▶ TASK INPUTS

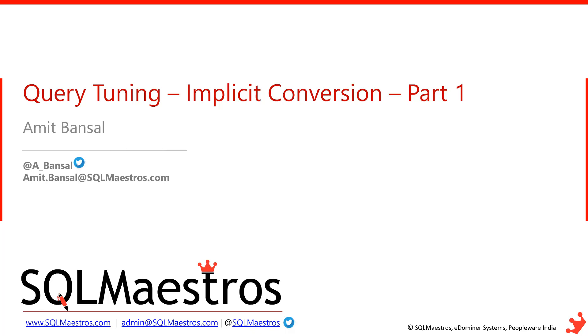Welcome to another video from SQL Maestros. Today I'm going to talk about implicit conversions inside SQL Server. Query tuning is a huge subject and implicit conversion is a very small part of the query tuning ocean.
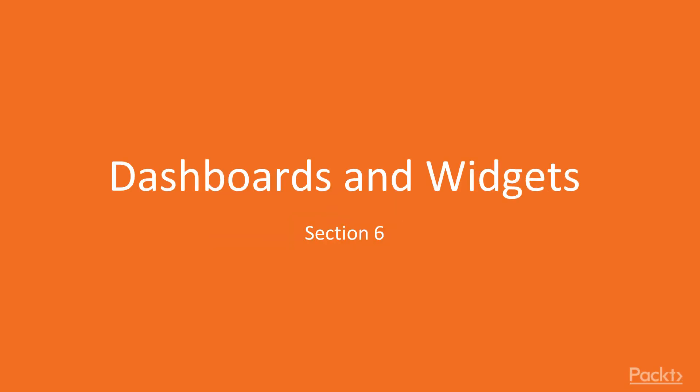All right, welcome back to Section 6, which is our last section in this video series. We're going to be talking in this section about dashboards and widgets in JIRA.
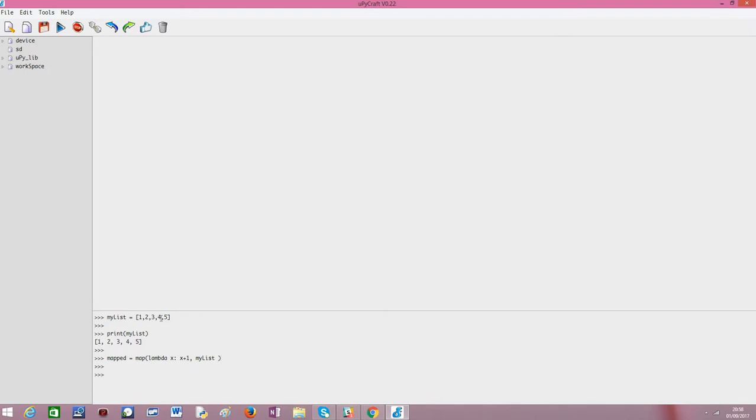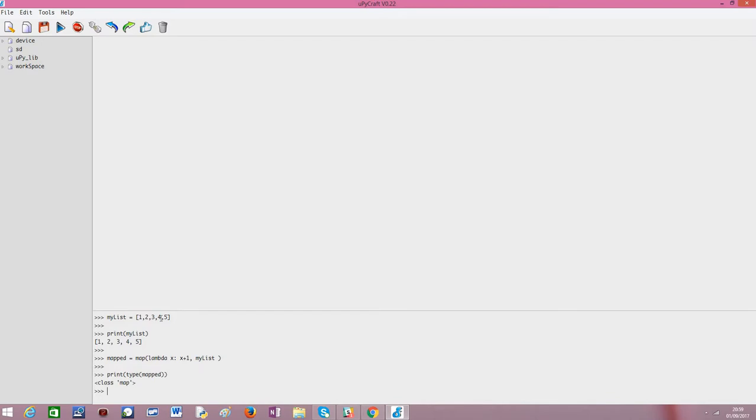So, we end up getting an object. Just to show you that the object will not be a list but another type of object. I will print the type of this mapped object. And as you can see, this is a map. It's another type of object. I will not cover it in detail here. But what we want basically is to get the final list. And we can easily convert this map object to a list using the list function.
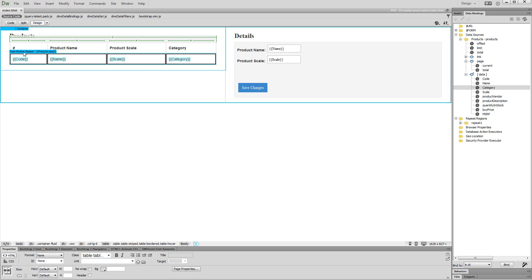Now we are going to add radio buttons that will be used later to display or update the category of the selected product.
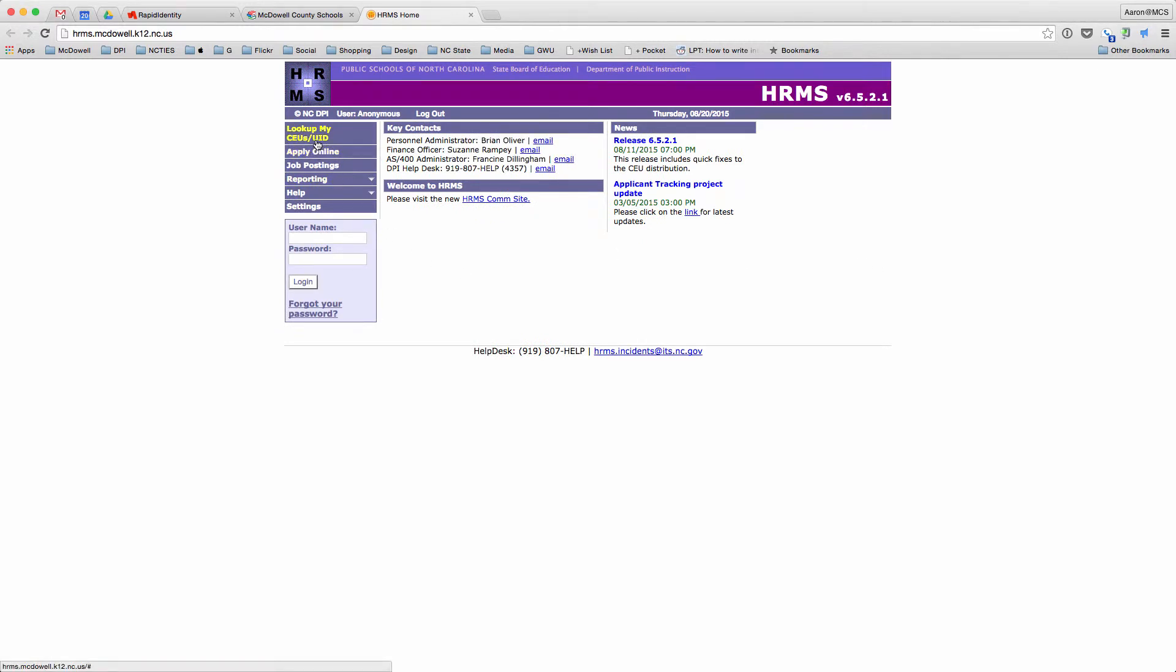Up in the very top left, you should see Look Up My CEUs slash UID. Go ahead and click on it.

▶ YOUR OBJECTIVE
Whenever you reach a picture, pass over it; print all the other material exactly.

▶ RESPONSE BOX
Welcome to another video from SQL Maestros. Today I'm going to talk about implicit conversions inside SQL Server. Query tuning is a huge subject and implicit conversion is a very small part of the query tuning ocean.
All right, welcome back to Section 6, which is our last section in this video series. We're going to be talking in this section about dashboards and widgets in JIRA.
So, we end up getting an object. Just to show you that the object will not be a list but another type of object. I will print the type of this mapped object. And as you can see, this is a map. It's another type of object. I will not cover it in detail here. But what we want basically is to get the final list. And we can easily convert this map object to a list using the list function.
Now we are going to add radio buttons that will be used later to display or update the category of the selected product.
Up in the very top left, you should see Look Up My CEUs slash UID. Go ahead and click on it.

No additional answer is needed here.